The singer, the shaman, and the priest: A society cannot be run by warriors alone. There are various other professions, which are obviously needed, but there are a couple which are obviously more well geared towards the player character. Singers, ie, the Celtic bard or German scop, are entertainers, genealogists, and historians. They record the oral history of the tribe as well as guard the traditional wisdom and lore for their people. These memories often take the forms of poetry, story, and song and thus make an ideal candidate for your barbarian horde to contain bards or skalds. Low barbarians, may each have one of these historians per tribes, but high barbarians and nomads, would likely have one among noble retinues, or traveling story tellers which would bring news of other camps, and would be treated as the asset that news of the outside was.
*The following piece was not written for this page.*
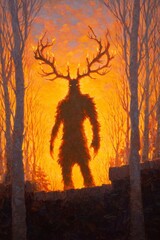 a humanoid creature with antlers made of fire, standing in the middle of an endless forest at sunset. oil painting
Barbarian mystics fall into two general categories, the priest and the shaman. The priest(ess) is educated in the lore of the gods — who they are, what they want, and what they require from mankind be it sacrifice, rite, or law. It is possible that if the tribe has a settlement these priests would be attached to a shrine, or other monument. It is not uncommon among the landless to have sacred landmarks such as trees, springs, or mounts. Nomads priests carry sacred images such as totems. Priest(ess) serve the gods as a warrior serves his lord — out of personal loyalty. As they are often the best educated of the barbarians they often guide and advise the nobles. These are the oracles and the clerics of the tribe.

The shamans, are those who seek the gods, in the form of their arcane secrets. Whether this magic takes the forms of trances and visions, secret lore, or charms and spells – they are often views with profound respect within the tribe. Although the tribesmen respect them, they also live in fear of magic and the terrible things it has been known to do. Superstitions (as discussed earlier) run rampant, some going as far as to say that all things the shaman touch are infused with the darkness that only they can control, until it finally consumes them. Barbarians are known to shun other magic users out of fear and ignorance. These are the sorcerers, the bloodragers, the shaman, or even the witch. Under no circumstances should a tribe have a wizard.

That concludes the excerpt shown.